### WORK REQUEST
With pictures left out, only the lines from the one containing "TE Connectivity / AMP 3-643813-4" through the end of the records should be reproduced exactly, please.

### DATA FOR THIS TASK
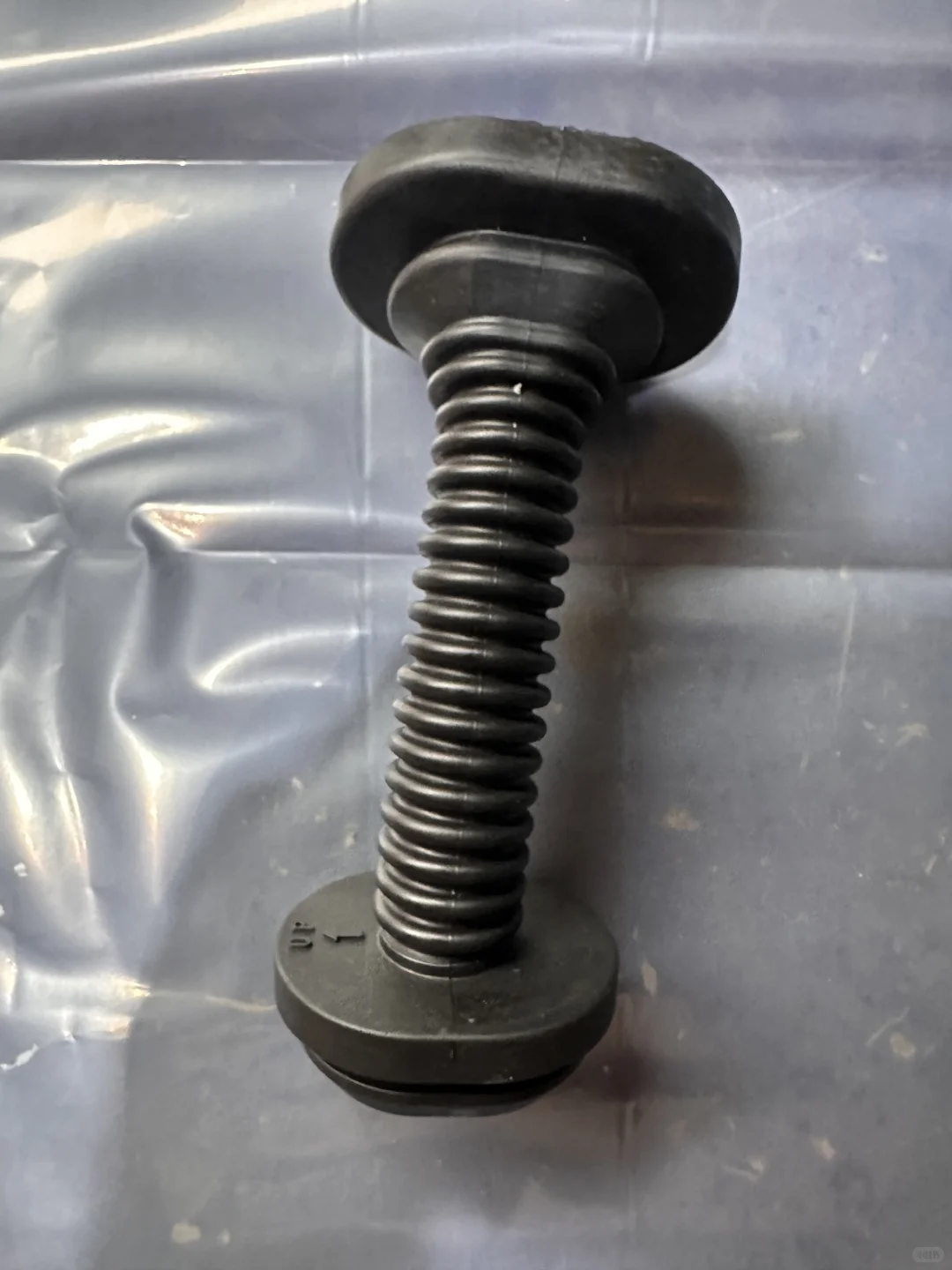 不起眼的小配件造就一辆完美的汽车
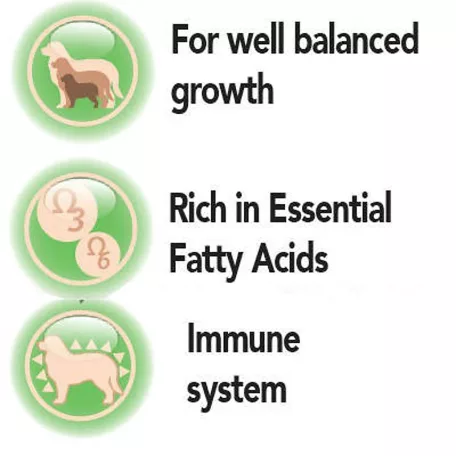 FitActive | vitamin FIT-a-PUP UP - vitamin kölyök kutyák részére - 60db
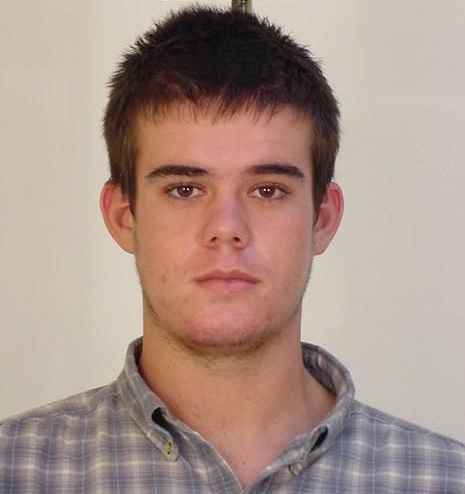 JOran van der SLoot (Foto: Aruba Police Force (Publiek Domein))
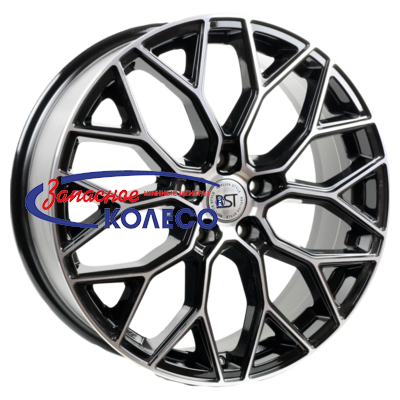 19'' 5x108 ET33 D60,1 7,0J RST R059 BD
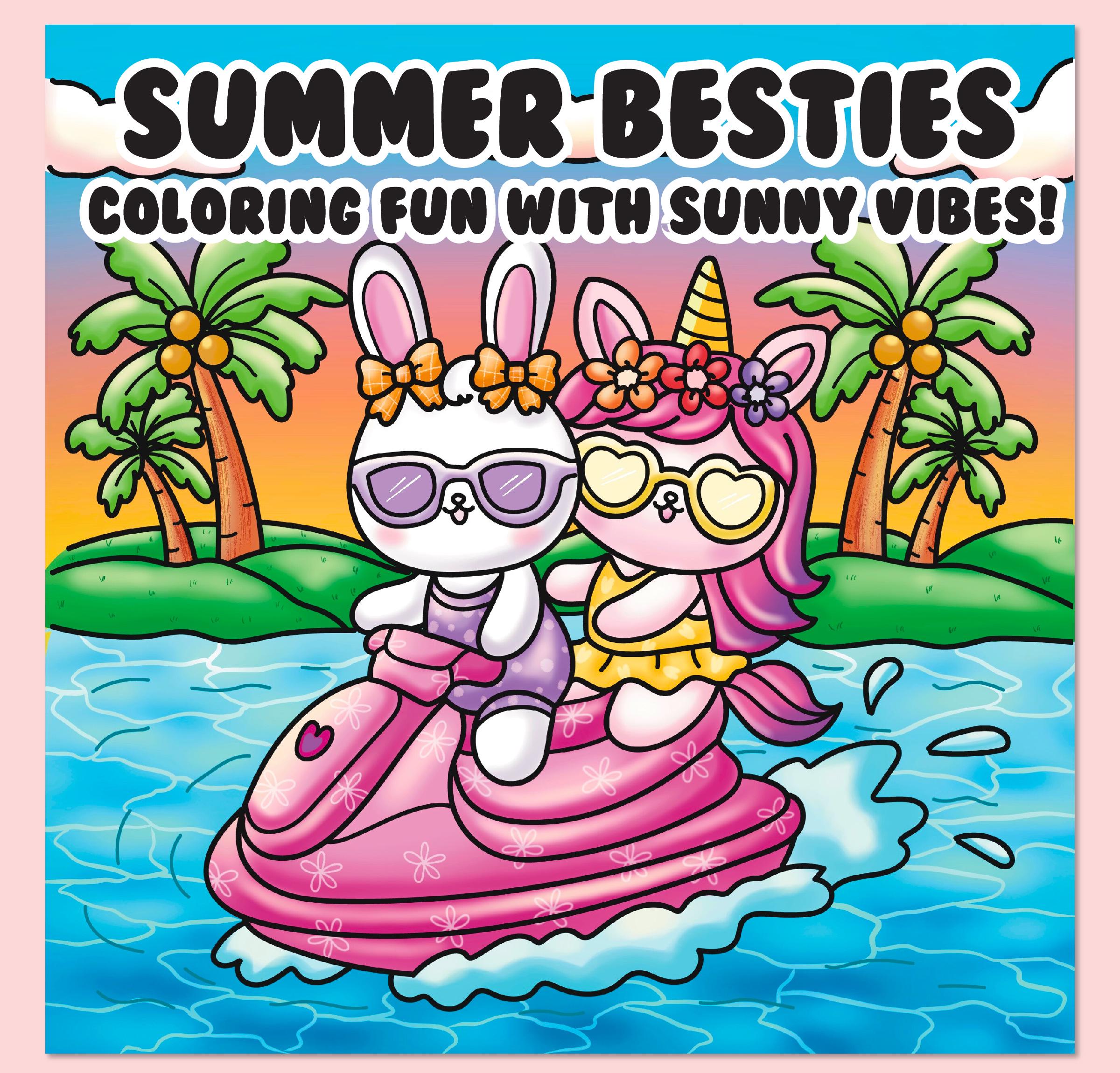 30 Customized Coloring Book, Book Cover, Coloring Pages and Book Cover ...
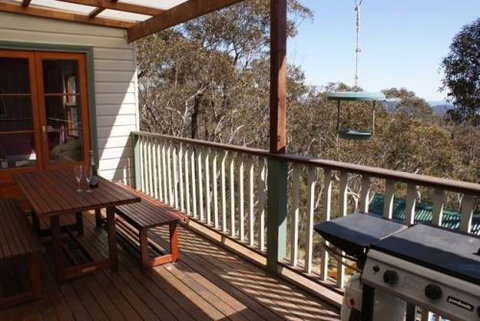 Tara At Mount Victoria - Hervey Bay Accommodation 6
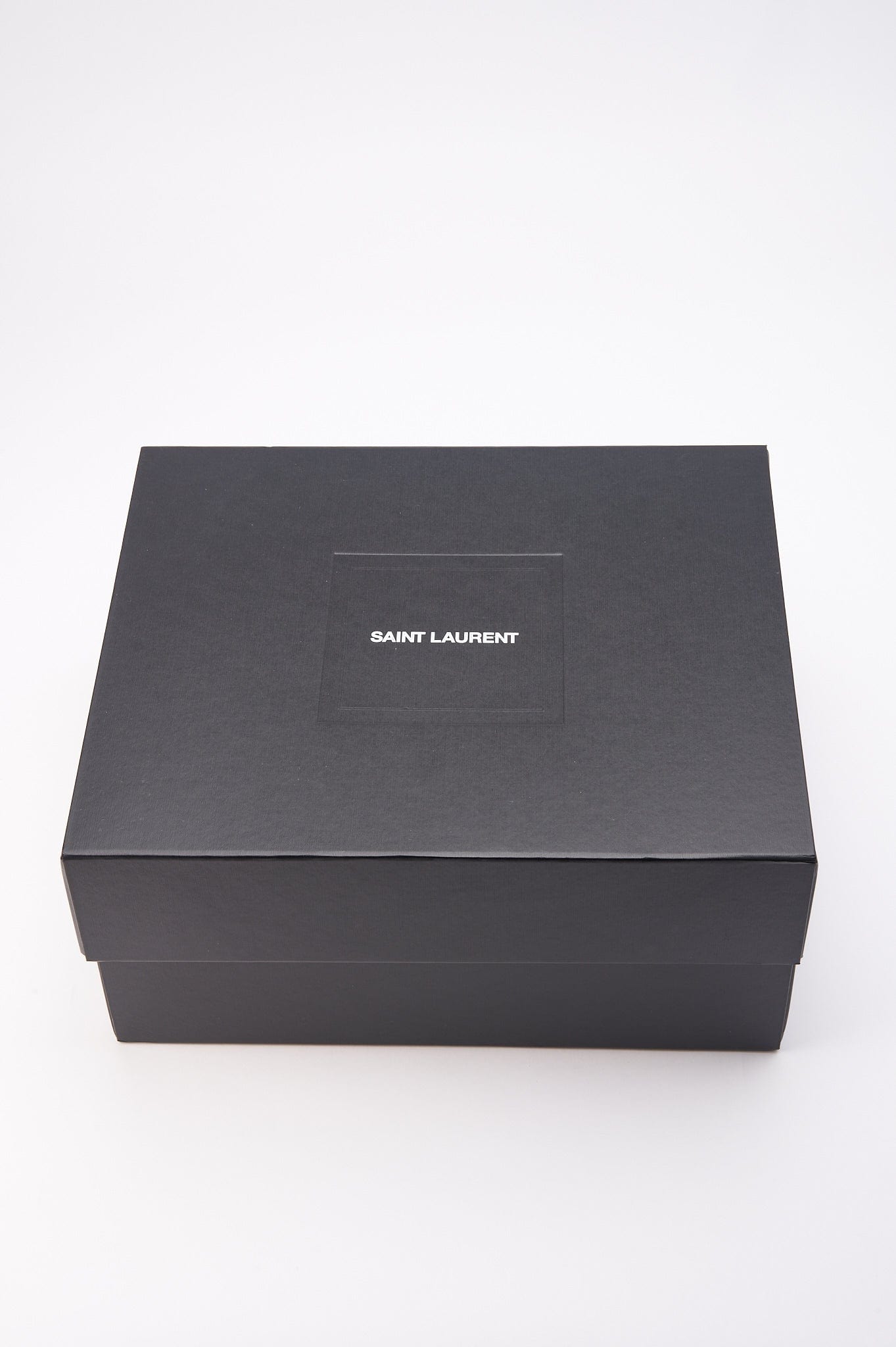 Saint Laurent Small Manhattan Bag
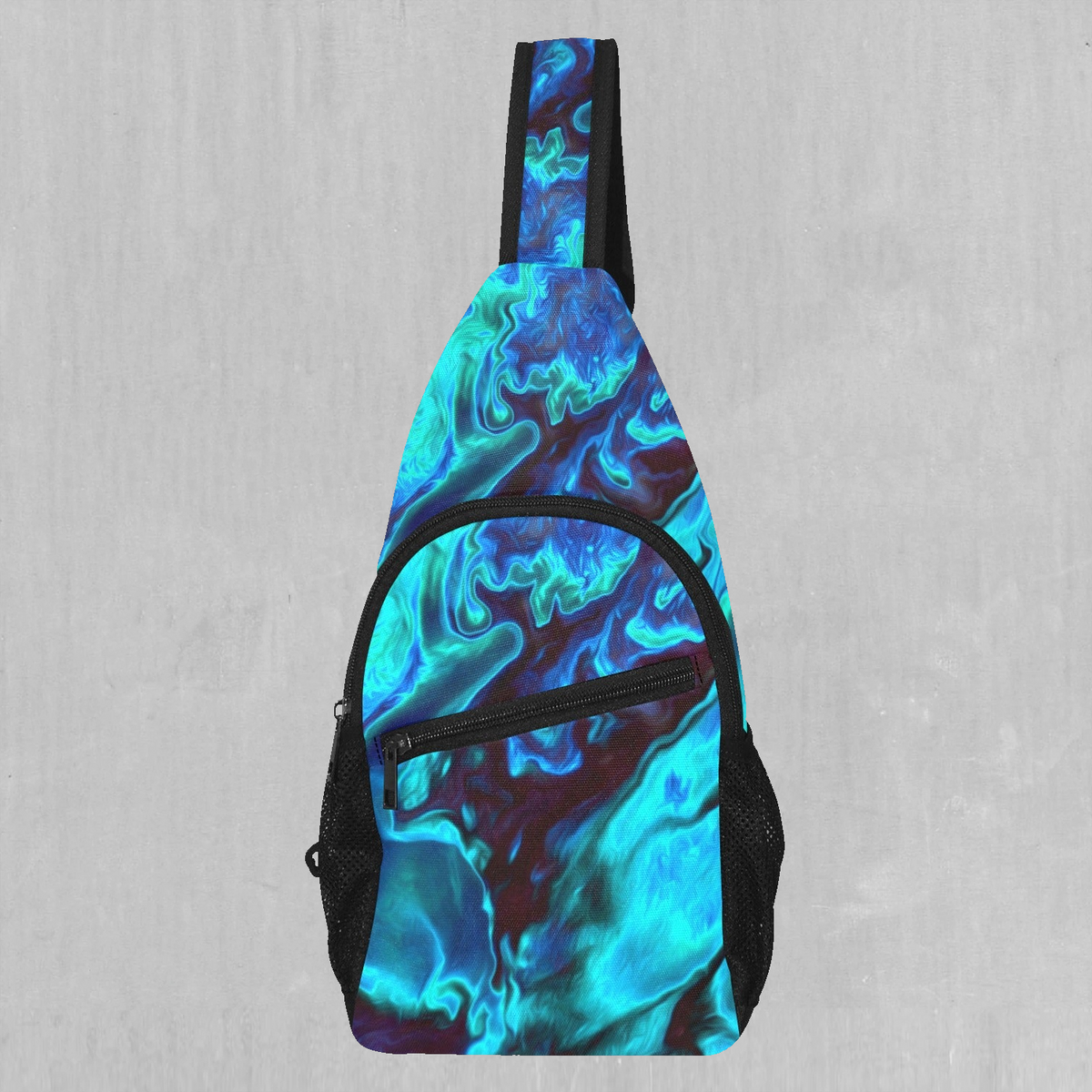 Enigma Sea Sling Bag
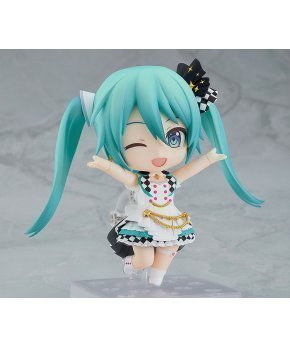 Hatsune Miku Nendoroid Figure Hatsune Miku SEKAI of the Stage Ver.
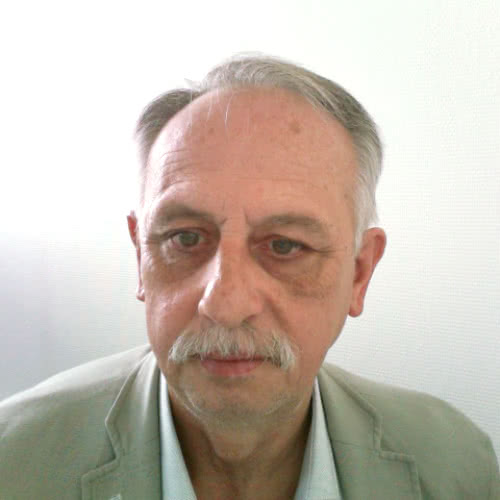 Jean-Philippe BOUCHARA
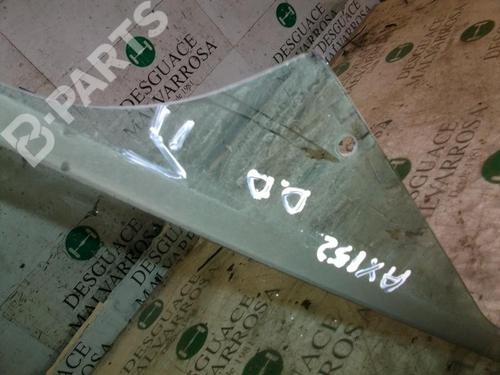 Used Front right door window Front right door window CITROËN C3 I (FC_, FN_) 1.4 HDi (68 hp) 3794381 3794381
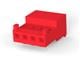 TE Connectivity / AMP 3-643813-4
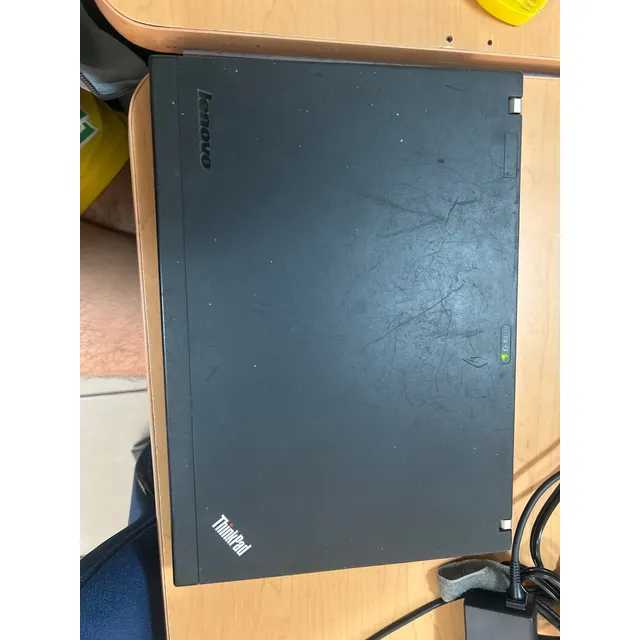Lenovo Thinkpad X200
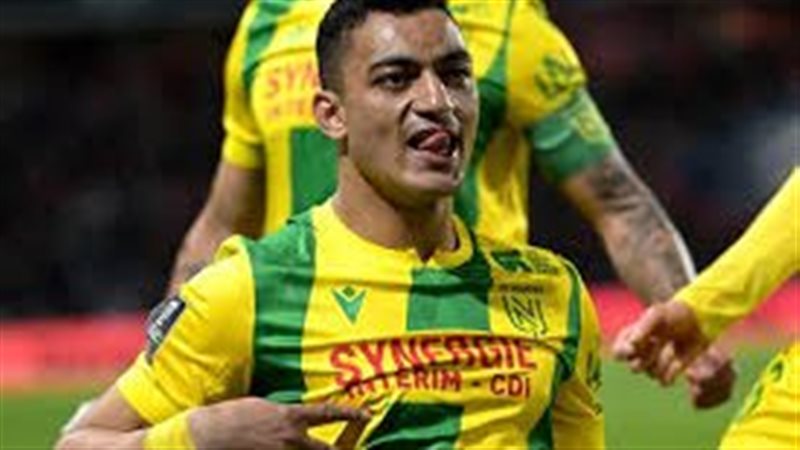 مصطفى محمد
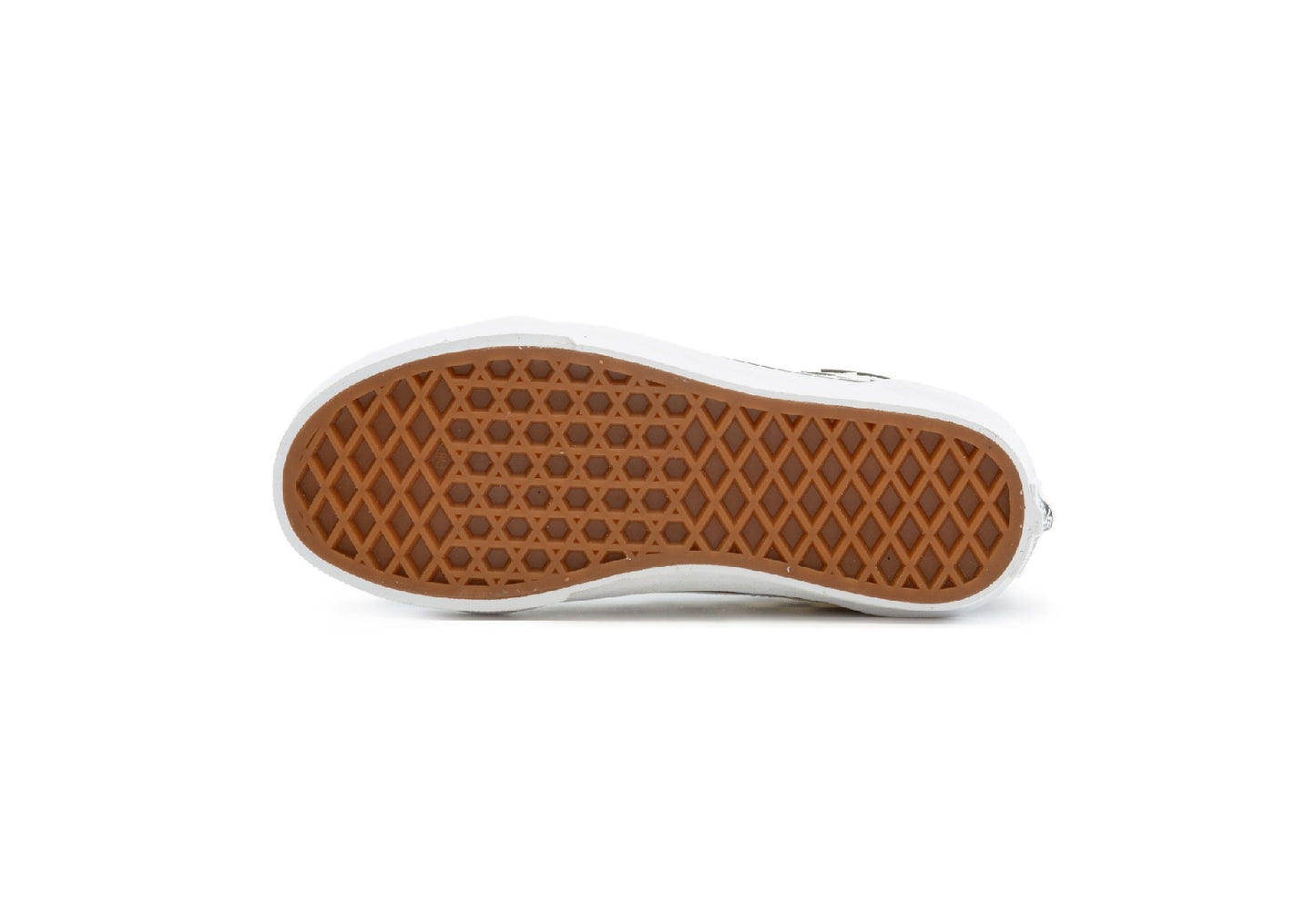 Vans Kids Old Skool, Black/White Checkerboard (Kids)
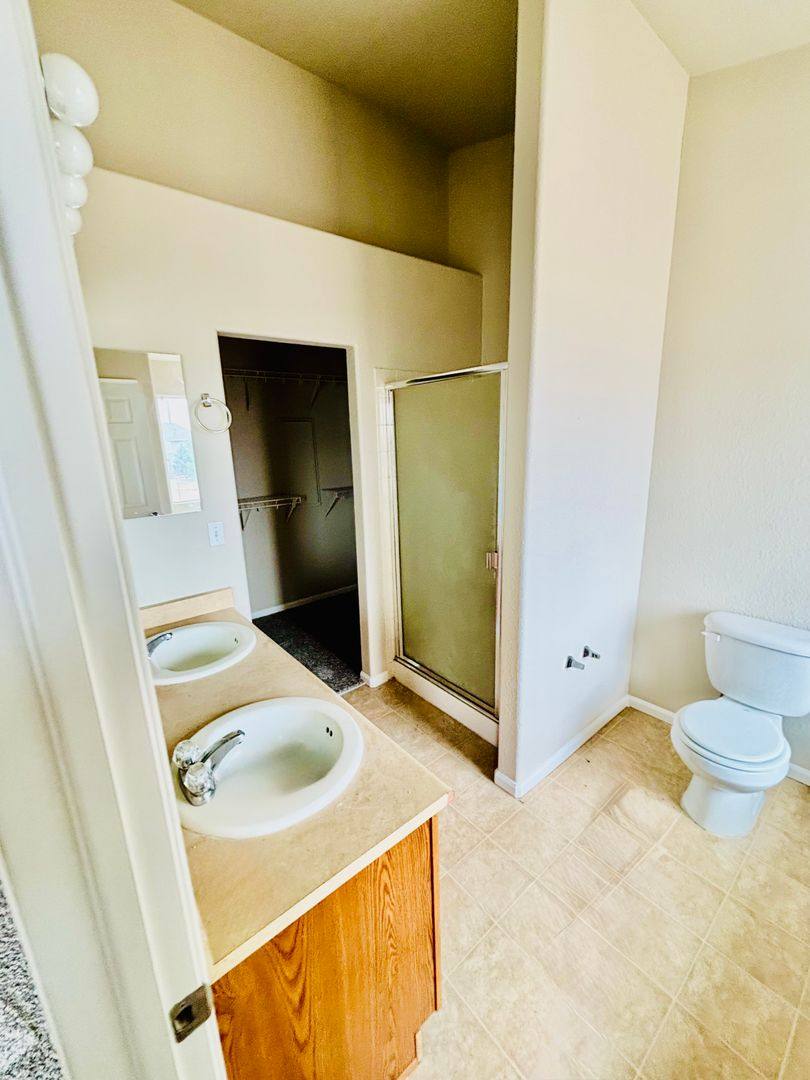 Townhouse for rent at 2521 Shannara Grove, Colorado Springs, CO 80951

### EXERCISE OUTPUT
 TE Connectivity / AMP 3-643813-4
Lenovo Thinkpad X200
 مصطفى محمد
 Vans Kids Old Skool, Black/White Checkerboard (Kids)
 Townhouse for rent at 2521 Shannara Grove, Colorado Springs, CO 80951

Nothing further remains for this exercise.